:: Records for this exercise ::

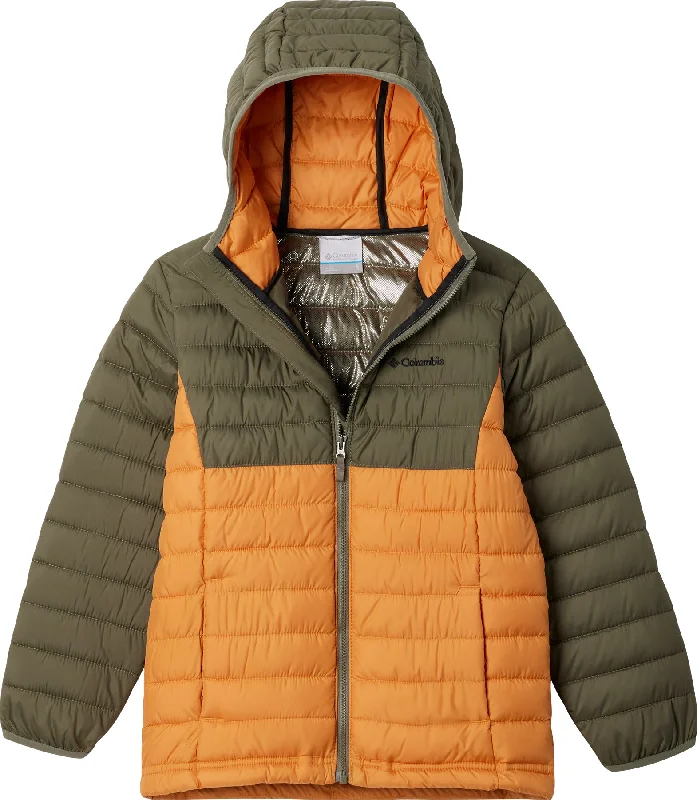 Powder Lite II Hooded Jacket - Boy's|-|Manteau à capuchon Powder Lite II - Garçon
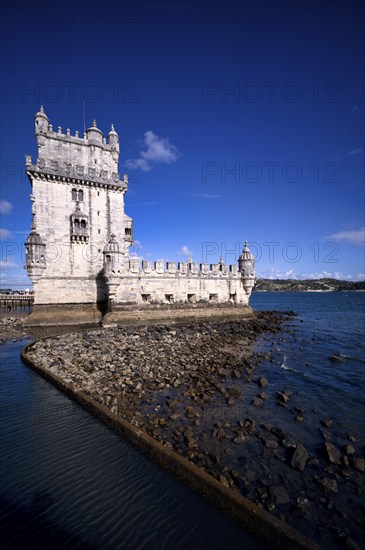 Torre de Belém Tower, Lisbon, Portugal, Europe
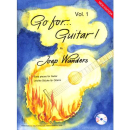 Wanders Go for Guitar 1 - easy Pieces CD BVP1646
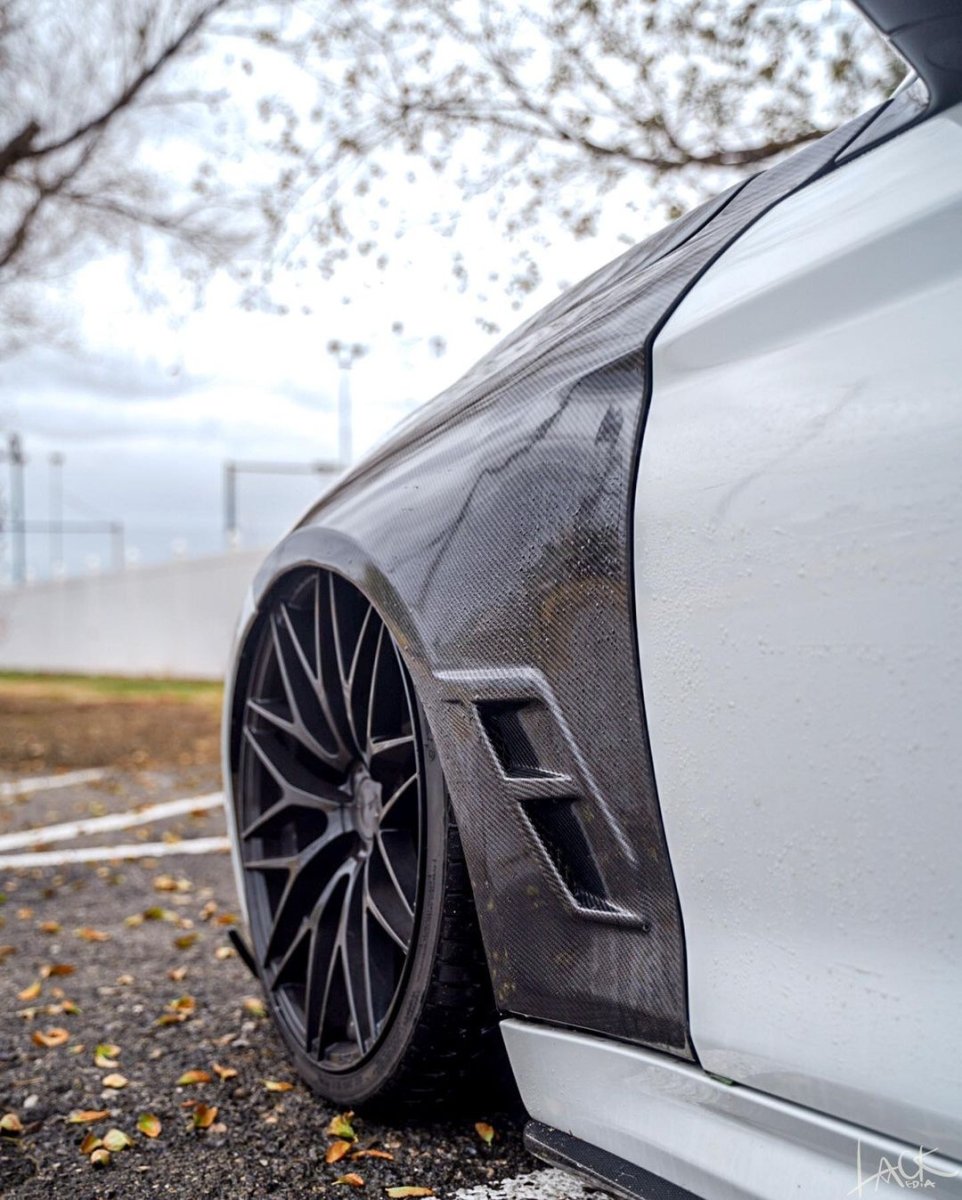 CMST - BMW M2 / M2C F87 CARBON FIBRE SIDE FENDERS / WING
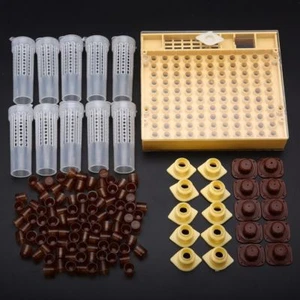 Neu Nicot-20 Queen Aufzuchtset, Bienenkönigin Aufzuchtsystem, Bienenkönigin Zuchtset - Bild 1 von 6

:::
:: Records for this exercise ::

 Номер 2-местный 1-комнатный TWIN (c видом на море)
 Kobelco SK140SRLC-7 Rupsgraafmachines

:::

:: Task brief ::
Reproduce, word for word, everything in the listing above from the line containing "Powder Lite II Hooded" down to the line containing "Neu Nicot-20 Queen", both of them included. No pictures.

:: Exercise solution ::
 Powder Lite II Hooded Jacket - Boy's|-|Manteau à capuchon Powder Lite II - Garçon
 Torre de Belém Tower, Lisbon, Portugal, Europe
 Wanders Go for Guitar 1 - easy Pieces CD BVP1646
 CMST - BMW M2 / M2C F87 CARBON FIBRE SIDE FENDERS / WING
 Neu Nicot-20 Queen Aufzuchtset, Bienenkönigin Aufzuchtsystem, Bienenkönigin Zuchtset - Bild 1 von 6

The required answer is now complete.